If that isn’t enough of a problem, the very planes that are used as standard craft for these services are being phased out by airlines – which may seem counter intuitive…

Another problem is the decline of the 50-seat jet. When they were first introduced in the 1990s, these aircraft became very popular for airlines looking to serve smaller, regional markets. But rising fuel costs changed the equation. Airlines are increasingly turning to larger planes that seat 70 or 80 passengers. The newer planes use fuel more efficiently, and they increase the airlines’ profit margins. “In the long term,” says Murphy, “many of these smaller jets are going to be phased out.” Communities that struggle to fill 50-seat planes will find it impossible to justify 80-seaters to the airlines.

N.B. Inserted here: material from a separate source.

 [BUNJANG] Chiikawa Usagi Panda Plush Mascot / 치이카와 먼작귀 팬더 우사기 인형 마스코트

This only factors the cost of fuel not the availability of it, or the carbon tax implications that may come forward in the future. Flights account for a large percentage of total transportation carbon output for the average citizen. What needs to be understood by communities and decision makers is that flying is a luxury entirely based on cheap abundant oil.

The City of Castlegar is wrapped up in basing the future of the community oin expansions around the airport – as though the current status of this land as a possible transportation hub is somehow able to be continued into the future indefinitely.

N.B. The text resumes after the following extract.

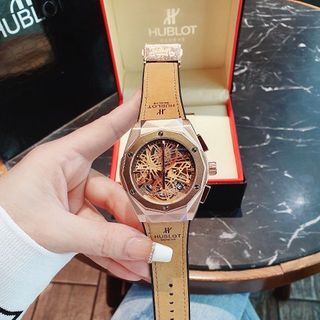 SALE BỎ MẪU ĐỒNG HỒ NAM TRUNG CẤP HUPOT DÂY DA MẶT TRÒN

I’d argue that air travel to Castlegar has a limited applicability beyond the next 5 years. The price of oil is not likely to go down over this time, and the net wealth of small communities in British Columbia is not likely to improve dramatically, if at all.

I hate the idea that the way of life we experience today is likely to end sometime soon – but not yet unless we choos for it to. But decision makers need to understand these limitations to be able to use the funding oportunities out there for the best longterm benefit for the community.

Mike Thomas

Mike Thomas P.Eng. ENV SP, is the author of UrbanWorkbench.com and Director of Engineering at the City of Revelstoke in the Interior of British Columbia, Canada. If I post something here that you find helpful as you navigate the world of engineering, planning and building communities, that’s wonderful. But when push comes to shove: This is my personal blog. The views expressed on these pages are mine alone and not those of my employer.

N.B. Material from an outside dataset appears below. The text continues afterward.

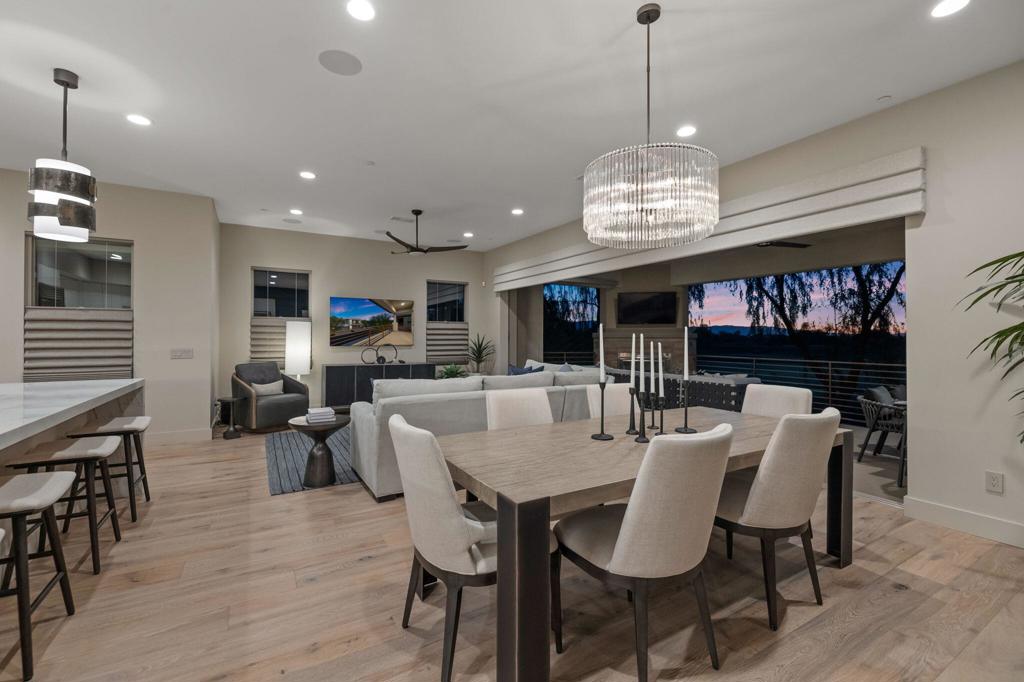 The Retreat at DW - Residential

4 thoughts on “Small City Airports

  1. Very good points Mike. Add to this the seemingly ever increasing security requirements – e.g. not flights from small airports allowed into Vancouver during the Olympics, and I think we’ll see a lot of small fields reduced to small private flights in the not to distant future. For some small communities this will be a disappointment and people will have to go back to driving to major centres if they want (and can afford) to take a commercial flight somewhere. For communities that are pouring money and resources into upgrades, expansions, and infrastructure – the outcome will be all the more painful as these expenses become stranded assets – useful things that have no use. Wise investments of infrastructure and other development funds are those that will provide local benefits in all potential future scenarios.

    Cheers,

    Adam

  2. Adam thanks for your comments – stranded assets is going to be the theme of the future in this heavily suburban landscape. Small airports are no exception. (I will get onto the questionnaire as well!)

  3. It looks like at least 2 of your three examples (Wilmington, Delaware and Boulder City, Nevada) have airports within short drive of the one that’s closing. Castlegar is in a different situation (3 hours, several mountain passes – winter driving conditions, winding roads – to nearest airport) and closing the airport here will likely have bigger impacts.

  4. Agreed, however, the locations mentioned probably have much higher population densities to support air travel. BC was still the “wild west” long after many other areas of the continent were tamed.